Une clause de solidarité différenciant colocataires et époux ou pacsés n’est pas abusive

Delphine VISSOL
Delphine VISSOL

 

Source : Cass. 3e civ. 12-1-2017 n° 16-10.324 FS-PBI

 

Le 20 août 2010, l’OPAC d’Amiens, devenu l’Office Public d’Habitat d’Amiens, a donné à bail un appartement à M. X… et à Mme Y…, le contrat comportant une clause de solidarité ainsi rédigée : “Il est expressément stipulé que les époux, quel que soit leur régime juridique, les personnes liées par un PACS, les colocataires sont tenus solidairement et indivisibles de l’exécution du présent contrat.
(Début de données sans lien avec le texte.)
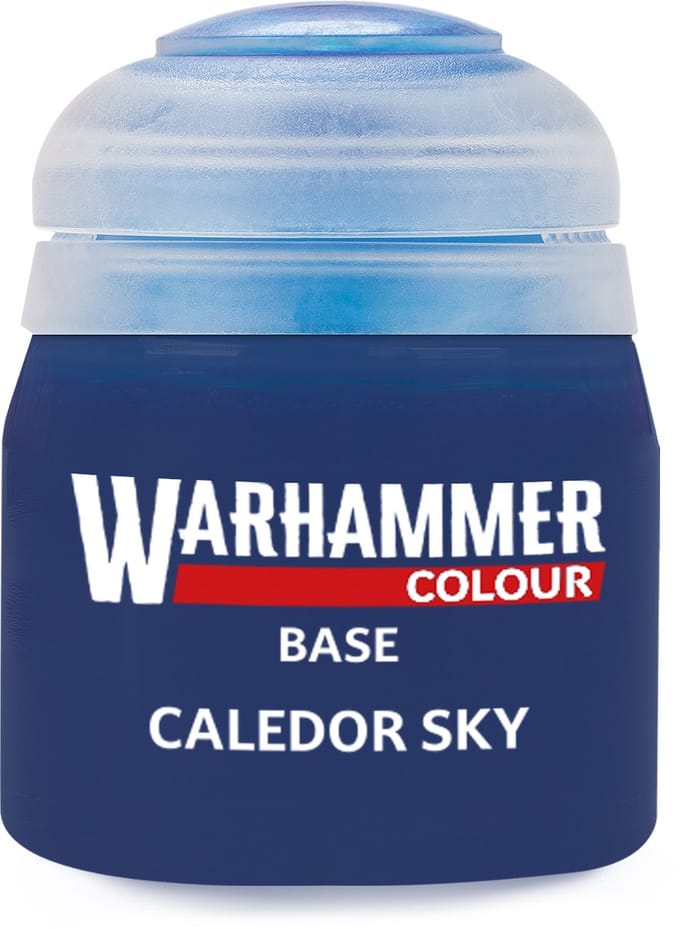 Warhammer Colour Base: Caledor Sky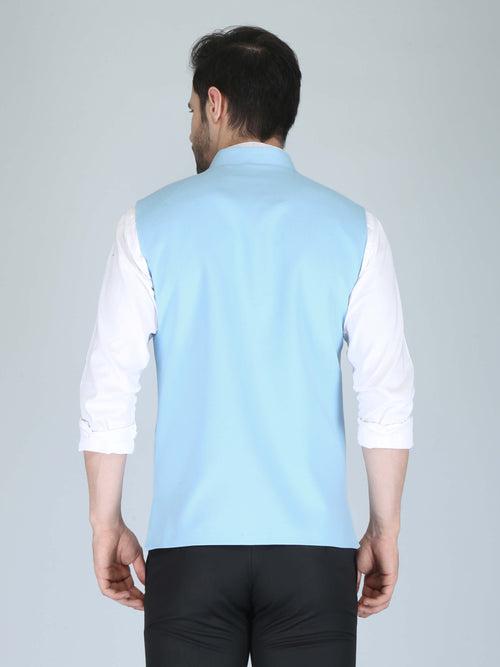 Sky Self Nehru Jacket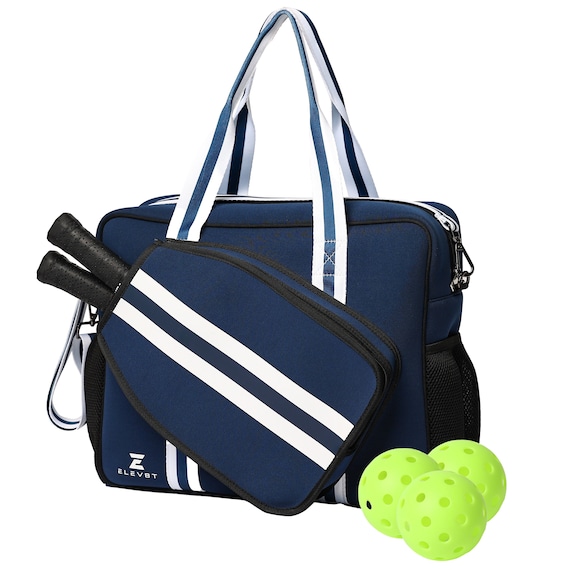 Pickleball Bag Bundle: Neoprene Tote, 3 Balls & Sport Towel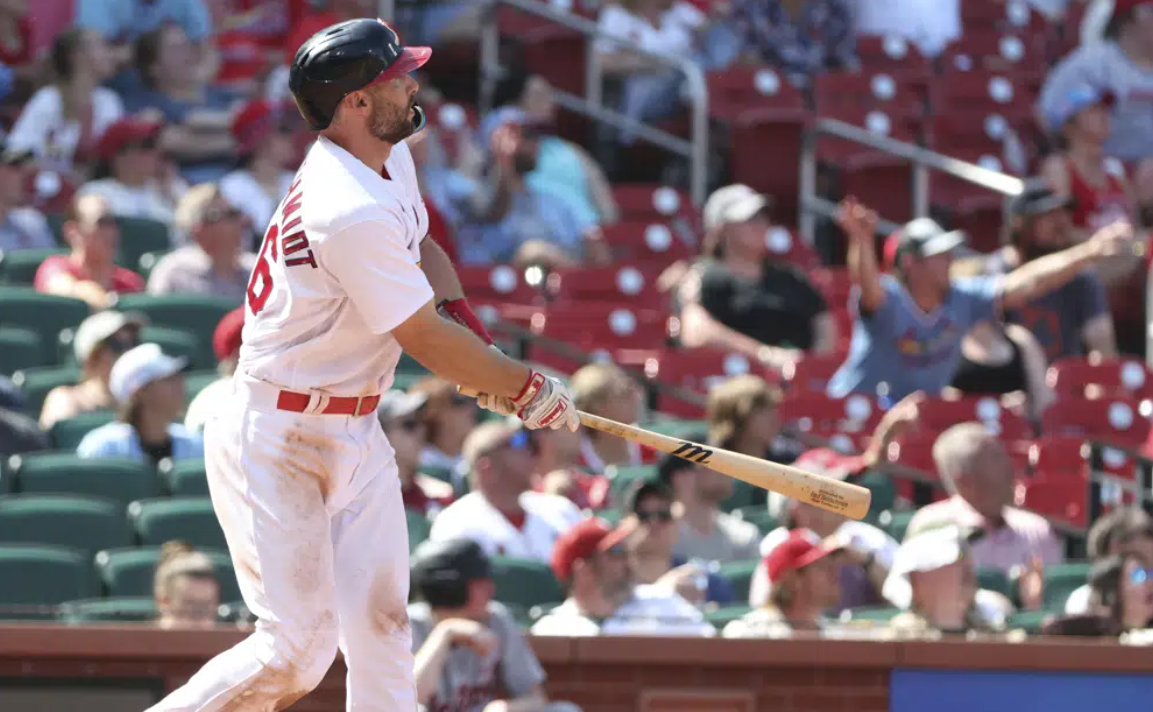 Goldschmidt bats to push Cardinals 12-6 over Tigers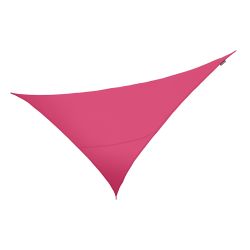 Toldos Vela de Sombra Kookaburra Rosa Triangular 4.2mx4.2mx6.0m (Impermeable)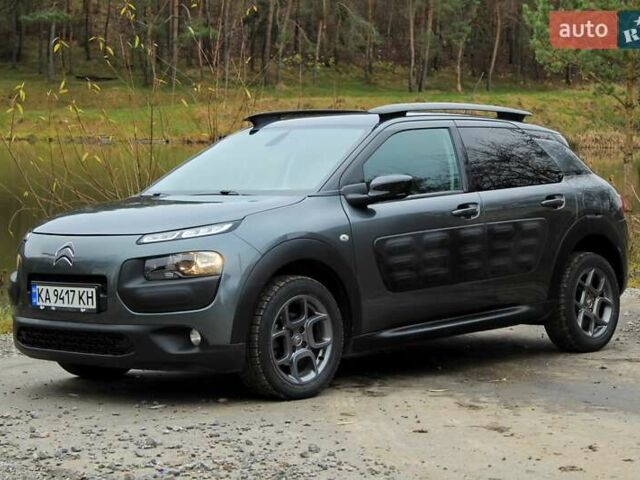 Серый Ситроен C4 Кактус, объемом двигателя 1.56 л и пробегом 208 тыс. км за 9550 $, фото 28 на Automoto.ua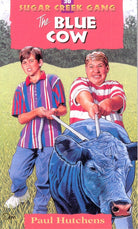 Cover image for The Blue Cow, isbn: 9780802470348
Pour les colocataires, la solidarité demeurera après la délivrance d’un congé de l’un d’entre eux pendant une durée minimum de trois années à compter de la date de la réception de la lettre de congé“.

 

Mme Y… ayant donné congé avec effet au 7 mars 2011, M. X… est demeuré seul dans le logement.

 

Le 30 juillet 2013, le bailleur a délivré aux preneurs un commandement visant la clause résolutoire afin d’obtenir le paiement d’un arriéré de loyer puis les a assignés devant le juge des référés en constatation de la résiliation du bail.

 

Pour dire nulle et réputée non écrite la clause de solidarité et rejeter la demande dirigée contre Mme Y…, la Cour d’appel d’Amiens retient que cette clause est discriminatoire en ce qu’elle prévoit une situation plus défavorable pour les colocataires par rapport aux couples mariés ou liés par un pacte civil de solidarité, pour lesquels aucune sanction n’est prévue en cas de congé donné par l’un des deux au bailleur, et qu’elle introduit un déséquilibre entre les parties contractantes au préjudice des colocataires et en faveur du seul bailleur, lequel se réserve le pouvoir d’apprécier, sans limitation dans le temps, la durée pendant laquelle il pourra réclamer le règlement des sommes dues en vertu du bail au colocataire lui ayant donné congé.

 

La Troisième Chambre civile de la Cour de cassation censure cet arrêt considérant, au visa des dispositions de l’article L 132-1 du Code de la consommation dans sa rédaction applicable au litige :

 

« Attendu que, dans les contrats conclus entre professionnels et non-professionnels ou consommateurs, sont abusives les clauses qui ont pour objet ou pour effet de créer, au détriment du non-professionnel ou du consommateur, un déséquilibre significatif entre les droits et obligations des parties au contrat

(…)

Qu’en statuant ainsi, alors que tous les copreneurs solidaires sont tenus au paiement des loyers et des charges jusqu’à l’extinction du bail, quelle que soit leur situation personnelle, et que la stipulation de solidarité, qui n’est pas illimitée dans le temps, ne crée pas au détriment du preneur un déséquilibre significatif entre les droits et obligations respectifs des parties au contrat, la cour d’appel a violé le texte susvisé ; »

 

Cet arrêt est également intéressant en ce qu’il rappelle que la solidarité ne se présume point et qu’en l’absence de stipulation expresse visant les indemnités d’occupation, la solidarité ne peut s’appliquer qu’aux loyers et charges impayés à la date de résiliation du bail de sorte que la Cour ne pouvait, pour dire la clause de solidarité imprécise quant aux sommes restant dues, retenir que celle-ci n’indiquait pas s’il s’agissait seulement des loyers et charges restés impayés ou des loyers et des indemnités d’occupation.